PROVIDED DATA:
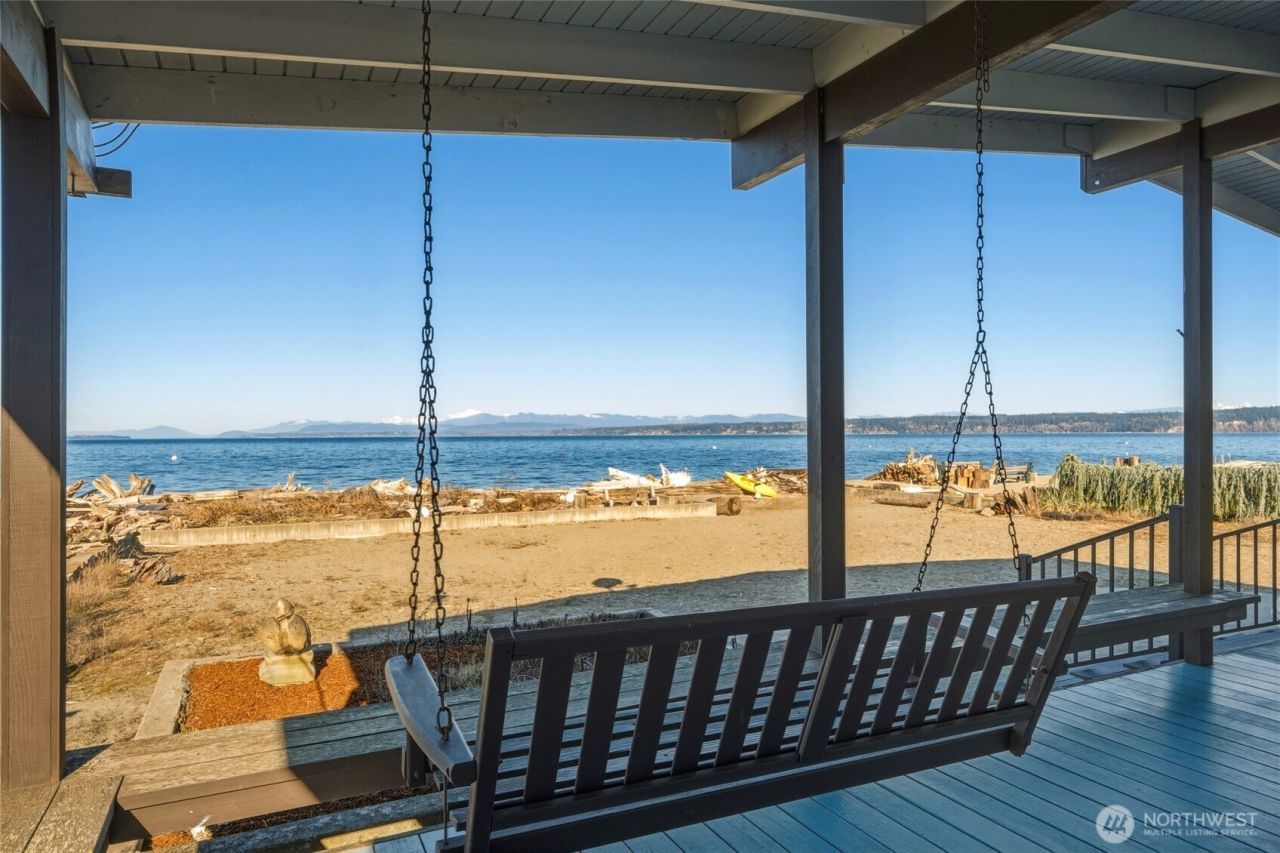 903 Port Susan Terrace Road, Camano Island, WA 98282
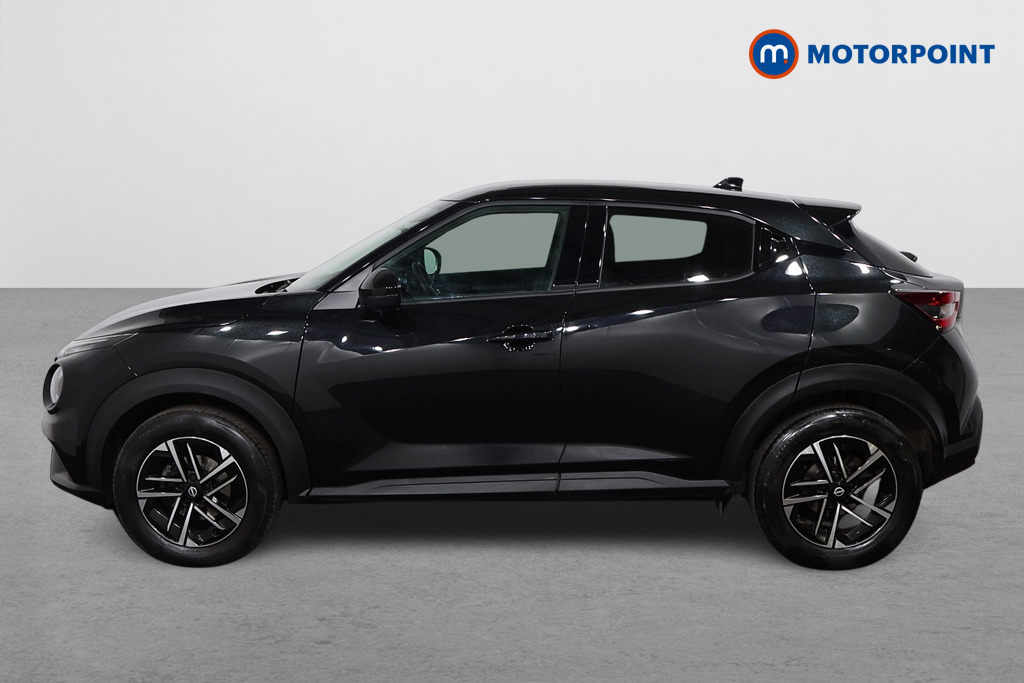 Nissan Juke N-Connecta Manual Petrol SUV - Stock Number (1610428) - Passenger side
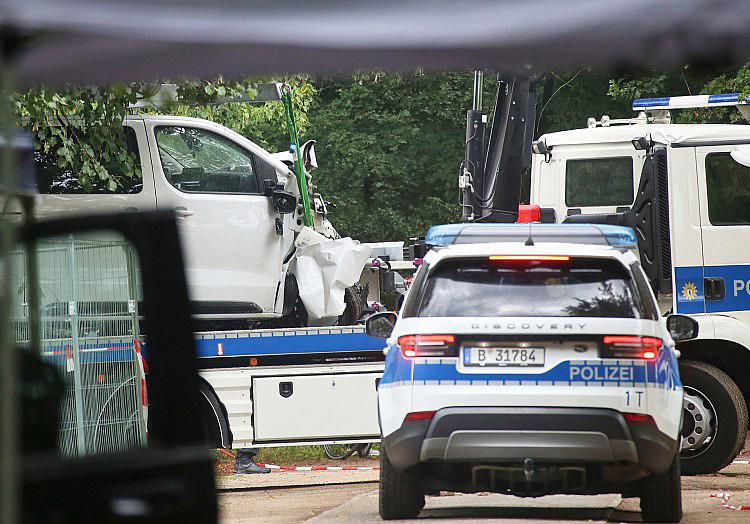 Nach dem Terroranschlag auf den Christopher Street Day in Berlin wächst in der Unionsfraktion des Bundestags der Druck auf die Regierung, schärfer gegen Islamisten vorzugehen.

EXERCISE AIM:
Everything from the line containing "Nissan Juke N-Connecta" to the final line of the listing above, both ends included, should be transcribed word for word, except for the pictures.

RESPONSE FOR THIS EXERCISE:
 Nissan Juke N-Connecta Manual Petrol SUV - Stock Number (1610428) - Passenger side
 Nach dem Terroranschlag auf den Christopher Street Day in Berlin wächst in der Unionsfraktion des Bundestags der Druck auf die Regierung, schärfer gegen Islamisten vorzugehen.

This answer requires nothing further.